Results: Results indicate that while populist alternative news draw more interest during first-order election campaigns (Bundestagswahl), they do not reach large user groups. Moreover, most users visit their websites rather seldom. Nonetheless, our data suggest alternative news exposure is strongly linked to voting for populist parties. Our data also shed light on the role of platforms in referring users to populist alternative news. About 40% of website visits originated from Facebook alone in both data sets, another third of visits from search engines.
Added Value: We provide novel insights into the prevalence and origins of populist alternative news use in Germany using fine-granular web tracking data. The large share of populist alternative news use originating from social media platforms fuels debates of algorithmic accountability.
Explaining voting intention through online news consumption
François Erner1, Denis Bonnay2
1respondi SAS, France; 2respondi SAS, France; université paris-nanterre, France
Relevance & Research Question:
Political polls are at the same time questionable and irreplaceable. Elections after elections they show their limits but no other method has yet been proven to be more accurate or reliable.

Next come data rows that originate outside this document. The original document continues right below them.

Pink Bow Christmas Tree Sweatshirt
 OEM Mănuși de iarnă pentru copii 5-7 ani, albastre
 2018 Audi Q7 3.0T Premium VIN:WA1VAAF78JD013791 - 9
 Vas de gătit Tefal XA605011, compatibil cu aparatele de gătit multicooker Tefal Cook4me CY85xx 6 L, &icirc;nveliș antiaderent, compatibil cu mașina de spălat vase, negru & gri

In this paper, we would like to present the experiment we are conducting about the 2021 german federal elections whose objective is trying to improve opinion monitoring thanks to web navigation data. More precisely, our goal is to enrich insights and improve predictions about voting intention thanks to a combination of survey results and news consumption on the internet.
Methods & Data:
For now more than 5 years, respondi has been involved in combining survey data with passive data. In Germany we operate a nat rep panel (sample size obviously changes every month, as we have to deal with churn, cleansing operation, but we keep it close to n=2500 over time. Panel size is currently n=2541) whose members have accepted to equip (at least) one connected device of theirs with a software which monitors (among other things) which website they visit.
The design of the experiment is the following: we survey these people about their voting intention every week (we plan to conduct 8 waves of interrogation, each of them collecting around 350 completes), and in the mean time we collect all the news (related to the elections or not) they read online (based on our previous observations, we collect around 30k articles per month in Germany).
News articles are classified and summarized using a deep learning language model based on Google’s BERT and fine-tuned for topic detection. We will thus be able to identify patterns of news consumption which are associated with changes in opinion.
Displayed on a live dashboard powered by Tableau.
Obviously no results are available yet. Our intention is to associate change in opinion with the content read : which message did trigger a change in opinion for which audience ?
Ultimately, if this experiment works, it leads to a new type of election monitoring: real time measurement of change in opinion, and granular explanations of the changes.